As the Northern Adventure chugged along, I attempted to visualize Aurora LNG’s conceptual plans (three of them) for berthing facilities among the islets off the southeastern tip of Digby Island. Those berths would accommodate ocean-going vessels 345 metres long – ships that would load and transport a dangerous cargo closer to human settlement (Dodge Cove, Metllakatla, and Prince Rupert) than the LNG industry itself deems safe. How can anyone in Prince Rupert get a good night’s sleep anymore?

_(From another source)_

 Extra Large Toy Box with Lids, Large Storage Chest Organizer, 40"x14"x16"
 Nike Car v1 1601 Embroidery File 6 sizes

Some contractor on the company’s payroll had supposedly done the fieldwork; had checked the soundings and the substrate, had given a cursory nod to wild species and natural processes, had deep-sixed concerns over risks to human life and to the circulating atmosphere of the planet, and had nonetheless drafted the plans. How much money does it take, how much take-home pay, to utterly pervert a person’s connection to place, to fresh air, wild things, and clean water; to permit a person educated in environmental science to say: “This will work. Build it here. We can mitigate. We can get to ‘yes’.”
I now agree with a sentiment that I initially had found repulsive: These people, doubtless well-intentioned at the outset, and now with diplomas and degrees now in hand, have become biostitutes. And there are legions of them, ATV-ing and helicoptering their per-diemed ways across the wilds of BC.
A bald eagle wheeled by. I watched the wind pummel the bird as it turned a wing skyward and fought to hold its track.
North of Hazelton
As Digby Island fell away to stern, a woman interrupted my silent lament, joining me at the starboard railing where I sought shelter from the rain under one of the lifeboat davits. She asked where I was from. “North of Hazelton.” Brief rain-soaked silence. “Beautiful country,” she replied. “My son has been working there for two years with an environmental company. Finding the best place for the pipeline to go.”
When we made landfall at Skidegate, Premier Clark and Petronas were the top story on the CBC Radio news. The Petronas board of directors had given Pacific Northwest LNG conditional approval. TransCanada Pipelines was already saying that it would begin, within six months, construction of the fracked gas pipeline that would supply the LNG plant proposed for Lelu Island in the Skeena estuary and, perhaps inconsequentially, wreck the place some 300 kilometres upstream that my wife and I had chosen to make home, exactly sixteen years ago.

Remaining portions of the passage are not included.